Wednesday 3 May 2017

The curse of plain packaging

One of the indisputable facts about plain packaging that should be universally known but is barely acknowledged, is that cigarettes sales rose every quarter after it was introduced in Australia until large tax rises started nudging them down again.

Image from City AM


This is quite remarkable. It should go without saying that cigarette sales have been falling in most developed countries for a very long time. Between 2012 and 2015, they fell by 14 per cent in Britain.

Because this unusual rise has never really been acknowledged, it has never been fully explained. The most plausible explanation is something that I hinted at way back in 2012 before the policy had been introduced.

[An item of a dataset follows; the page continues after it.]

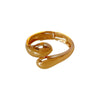 Adjustable Metal Opening Bracelet With Cold Style For Women Electroplated Simple High End Bracelet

Should we care if cigarette companies becomes less profitable and are only able to compete on price? If smokers buy cheaper cigarettes from the licit and illicit market, perhaps we should.

If smokers downgrade to cheaper cigarettes, it is quite possible that they will smoke more of them. If that is not the reason then perhaps it has something to do with the 'forbidden fruit' aspect, or maybe smokers are flicking up two fingers at authority. Who knows?

Of course, it could just have been a bizarre coincidence that cigarette sales happened to rise when a silly anti-smoking policy was introduced. And yet, it seems to be happening again...

It's perhaps a cliché that the French love their cigarettes, but as they say, there's no smoke without fire.

In fact new figures reveal that even despite the French government's controversial efforts to turn the population off cigarettes, the number of people smoking has gone up.

Since France introduced a ban on branded cigarettes in January 2017, more packets of cigarettes have been sold compared to last year when branding was allowed, according to the country's Customs Office (L'administration des Douanes).

In March alone the French bought four million packets of cigarettes, over four percent more than during the same period last year.

Throughout the first four months of 2017, the French shipped over 1 percent more tobacco products into the country than they did in the same period of 2016, officials say.

Contrary to what the news report says, this is not necessarily evidence that the number of smokers has gone up, but it is certainly evidence that the number of cigarettes sold has gone up. A case of déjà-vu?

This is starting to look like a habit.